In the configuration file, the listening ports are changed to 14317 and 14318 in case you run the NGINX server on the same linux box and have a port conflict. You can also add multiple collectors as you wish. If your collector server names are different, you need to replace them or use the IP addresses. For example, to use the IP for server collector1, you can do the following:

# Get the host IP address on the colletor1 host
hostname -i|cut -d' ' -f2
# Replace the IP on the NGINX host with the value you got
sudo sed -i -e "s/collector1/IP/" /etc/nginx/conf.d/otel.conf

Reload NGINX for the new configuration

sudo systemctl reload nginx

After the NGINX server reloads successfully, you can now use it in the OTEL_EXPORTER_OTLP_ENDPOINT:

export JAVA_TOOL_OPTIONS="-javaagent:./opentelemetry-javaagent.jar -Dotel.exporter.otlp.protocol=grpc" \
  OTEL_EXPORTER_OTLP_ENDPOINT=http://[NGINX SERVER NAME or IP]:14317 \
  OTEL_TRACES_EXPORTER=otlp \
  OTEL_METRICS_EXPORTER=otlp \
  OTEL_LOGS_EXPORTER=otlp

Run the Spring Boot application again

java -jar ./target/demo-0.0.1-SNAPSHOT.jar

After sending a few more requests using curl, you should see the corresponding trace, logging and metric data in Cloud Ops.

You can also use your favorite automation tool to install and configure all the elements.
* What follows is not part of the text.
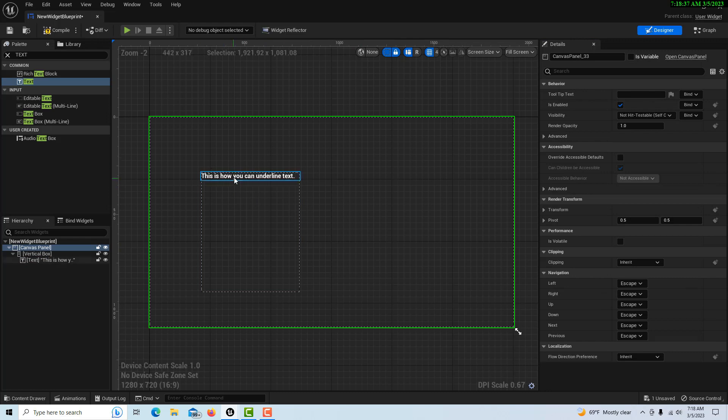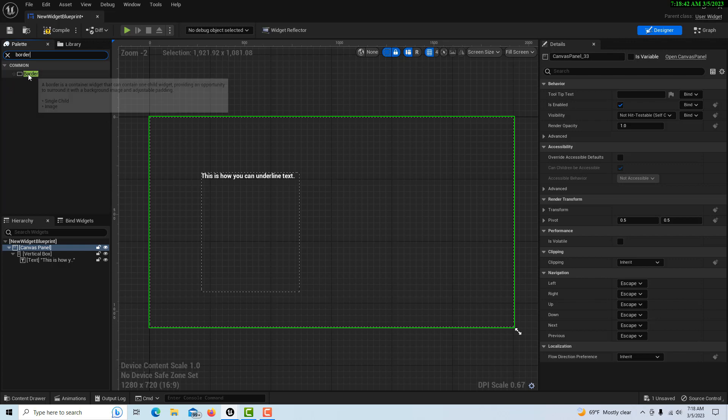And then I can set it to fill. And then what we're going to do is we're just going to get the border, the border right here, and then just drag it underneath.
If you are interested, you can find an Ansible example here.

In this example, a gateway pattern is used, and a collector has been configured as the local agent on the application servers. After the agents process the telemetry data, the data are sent to a gateway which has backend collectors configured to communicate with Google Cloud Operation Suite.